↓↓↓

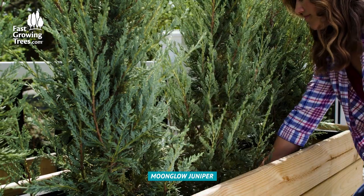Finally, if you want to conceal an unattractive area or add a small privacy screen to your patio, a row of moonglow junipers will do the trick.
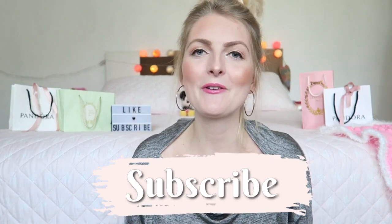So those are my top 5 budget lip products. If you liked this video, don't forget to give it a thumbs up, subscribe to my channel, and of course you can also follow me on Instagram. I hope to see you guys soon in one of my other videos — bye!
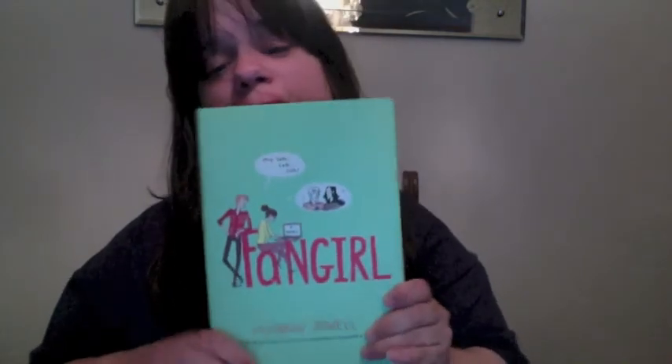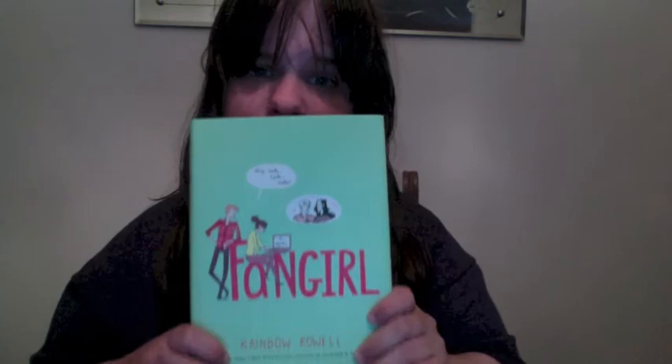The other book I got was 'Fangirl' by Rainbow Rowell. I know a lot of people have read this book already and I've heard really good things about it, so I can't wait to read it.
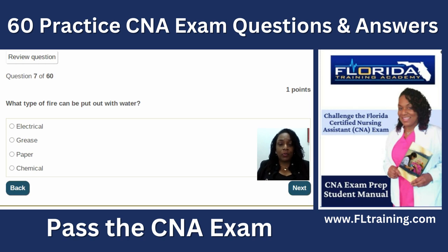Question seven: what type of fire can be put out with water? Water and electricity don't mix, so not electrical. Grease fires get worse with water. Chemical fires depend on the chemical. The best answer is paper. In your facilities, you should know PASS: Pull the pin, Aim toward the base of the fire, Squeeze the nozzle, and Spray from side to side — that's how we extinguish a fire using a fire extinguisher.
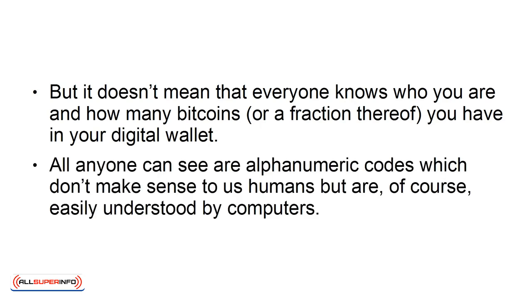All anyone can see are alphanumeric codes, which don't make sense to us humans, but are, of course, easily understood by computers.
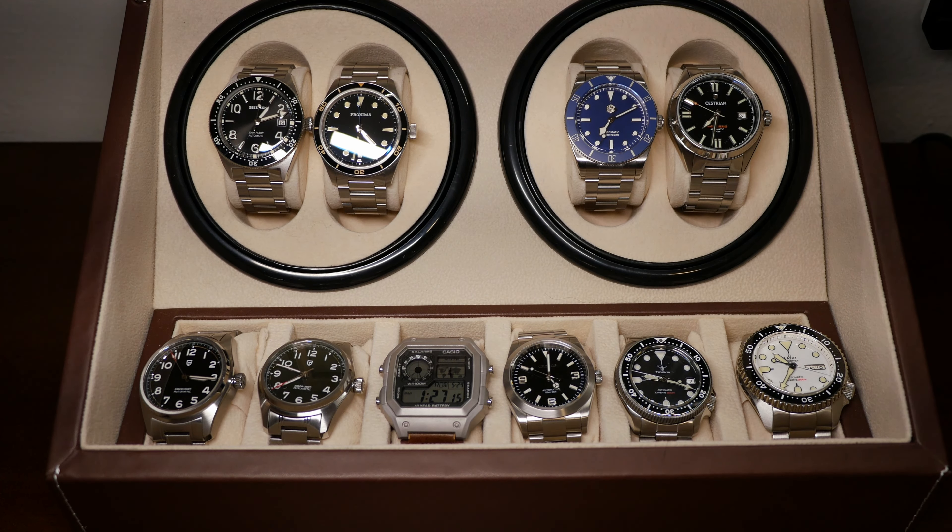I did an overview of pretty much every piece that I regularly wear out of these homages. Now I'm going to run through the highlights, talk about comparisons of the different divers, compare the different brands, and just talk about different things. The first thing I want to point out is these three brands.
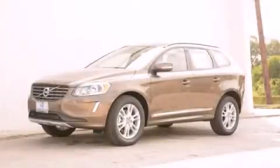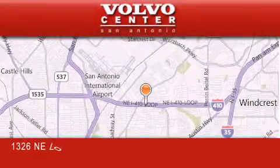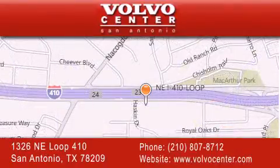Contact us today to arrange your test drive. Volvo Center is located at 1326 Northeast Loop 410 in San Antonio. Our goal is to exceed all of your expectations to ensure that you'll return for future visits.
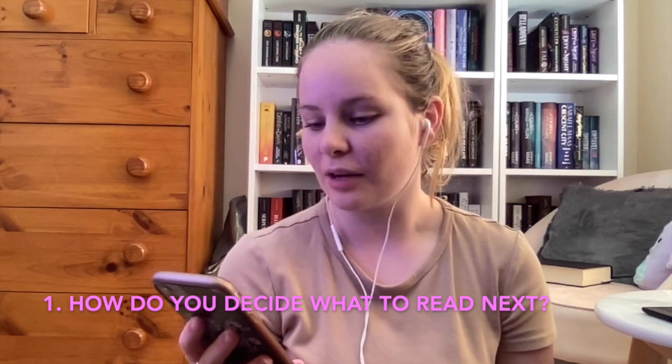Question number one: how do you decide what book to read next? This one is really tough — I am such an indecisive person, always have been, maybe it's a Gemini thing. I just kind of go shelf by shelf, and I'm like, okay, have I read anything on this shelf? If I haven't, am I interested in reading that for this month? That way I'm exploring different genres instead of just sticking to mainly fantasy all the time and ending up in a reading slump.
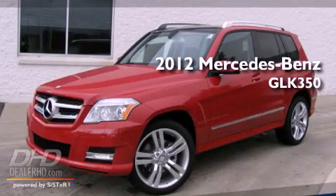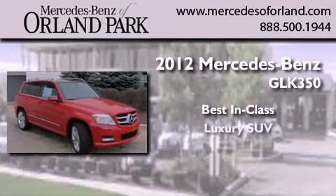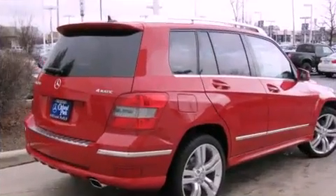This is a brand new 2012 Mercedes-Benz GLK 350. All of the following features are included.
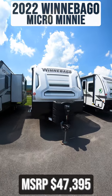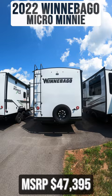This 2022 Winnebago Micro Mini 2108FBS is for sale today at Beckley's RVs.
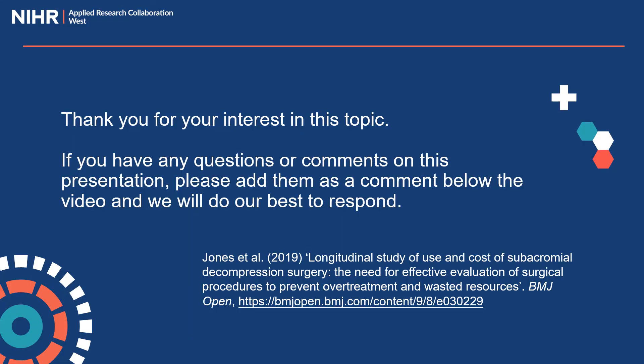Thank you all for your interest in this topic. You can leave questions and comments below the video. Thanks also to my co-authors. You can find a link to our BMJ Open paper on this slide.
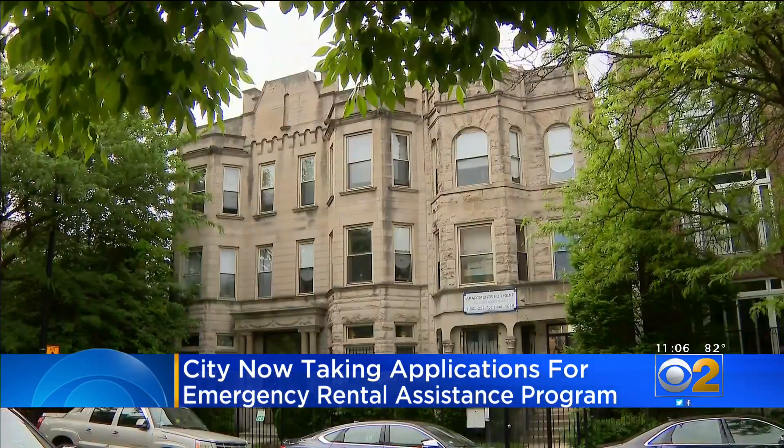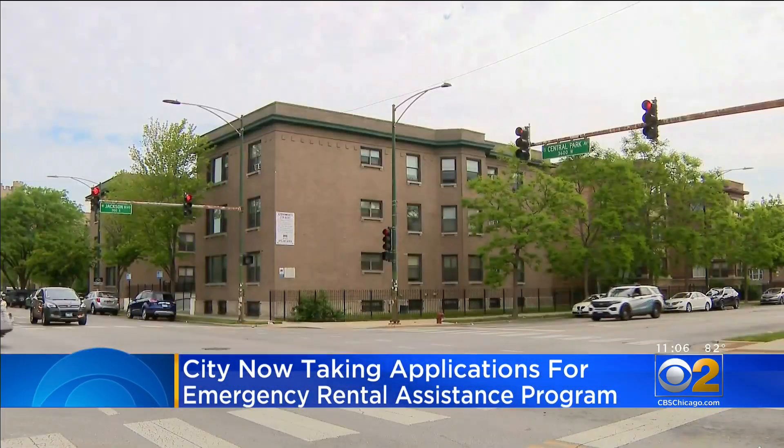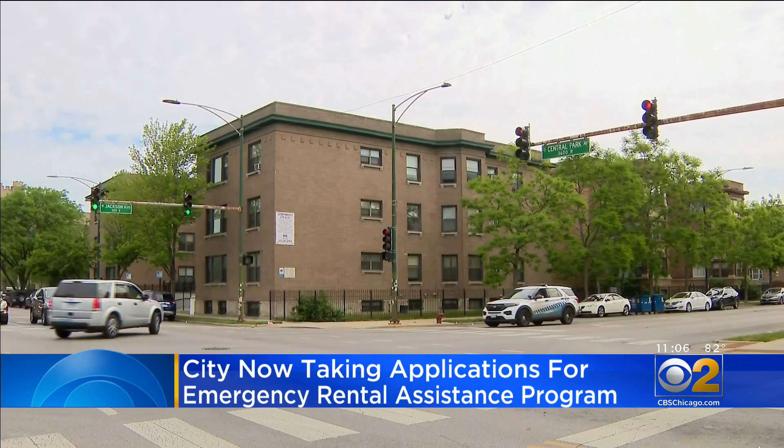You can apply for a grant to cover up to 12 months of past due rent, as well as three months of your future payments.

↑↑↑

> _Prompt_: Beginning with the line that holds "Thank you all" and continuing to the end of the entries above, set down each line exactly, both ends included; include no pictures.

> _Worked solution_:
Thank you all for your interest in this topic. You can leave questions and comments below the video. Thanks also to my co-authors. You can find a link to our BMJ Open paper on this slide.
You can apply for a grant to cover up to 12 months of past due rent, as well as three months of your future payments.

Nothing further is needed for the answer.